The collection of basic statistics functionality in Base in previous versions of Julia was fairly lean and I think struck the perfect balance of "here are the basics, now load a package if you want to get more advanced."

This, 100%. I will fight the "npm-ification" of Julia as long as I'm a participating member of the community. Having things ready to go out of the box was a huge selling point for me.

Moving large chunks of "basic" functionality out of Base to other packages (_especially_ third-party packages; I'm willing to consider stdlib packages like Random and Iterators special cases, though I haven't really made up my mind as to whether this is a good thing yet) also makes the library ecosystem that much more fragile – while Pkg.add("StatsBase") isn't so much of a problem for an end user, it introduces a dependence fragility on any libraries that need a function like std now, which then propagates to other libraries / end users.

FWIW I agree.

Is there an official decision of where precisely the line is drawn between Base, stdlib and third-party packages?

I think this is a crucial definition that can totally affect the character and feel of a language, from Julia-the-language to Julia-the-platform. With the current strategy, the development of Julia-the-language is fast and nimble, but at the potential cost of a fragile/fragmented Julia-the-platform, as nicely pointed out above.

if the function is generally understood by a layperson, it should not be removed.

How about matrix multiplication? Or solving a linear system? These are things a layperson understand even better than std! Should we move LinearAlgebra back too?

Moving large chunks of "basic" functionality out of Base to other packages (especially third-party packages; I'm willing to consider stdlib packages like Random and Iterators special cases, though I haven't really made up my mind as to whether this is a good thing yet) also makes the library ecosystem that much more fragile – while Pkg.add("StatsBase") isn't so much of a problem for an end user, it introduces a dependence fragility on any libraries that need a function like std now, which then propagates to other libraries / end users.

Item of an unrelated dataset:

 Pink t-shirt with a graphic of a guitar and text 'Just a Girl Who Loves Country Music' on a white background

I thought the plan was that StatsBase will be a stdlib (perhaps named Statistics?). It just felt unnecessary to move StatsBase into this repo, only to move it out soon again.

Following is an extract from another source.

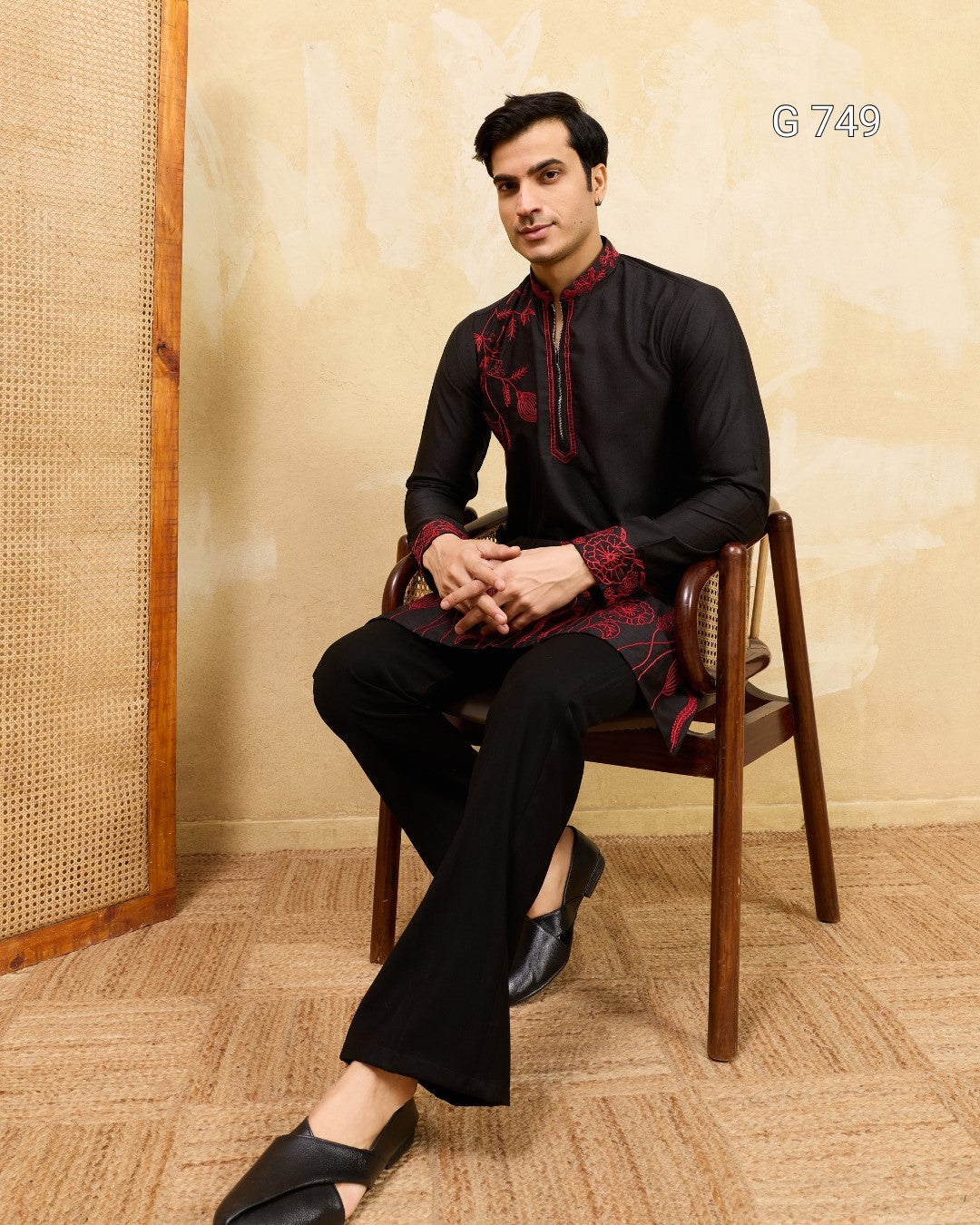 Man sitting on a wooden chair wearing a black kurta with red patterns against a beige wall.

How about matrix multiplication?

Matrix multiplication is in stdlib, which is "close enough to Base" right now, I guess. I'm still not really sold on "small base, large stdlib" but as long as the functionality is being distributed and made available via a standard Julia install, I guess it's better than going third-party.

I thought the plan was that StatsBase will be a stdlib (perhaps named Statistics?).

That would perhaps change things somewhat, but currently, it's not that way, and in order to use std in 0.7, we now have to rely on a third-party package. That doesn't seem right.

Yes, the plan is to move StatsBase to stdlib/Statistics. I had proposed moving these functions into a new stdlib/Statistics module which would ship with Julia and then move the appropriate parts of StatsBase later but people preferred doing it this way.

@StefanKarpinski until that's done, can we please keep std (and any others) in Base?

No, because we can't move things out of Base later but we can move things into stdlib later.

so until then the burden falls on the library developers to change where they source their functions from? That seems ... wrong, somehow.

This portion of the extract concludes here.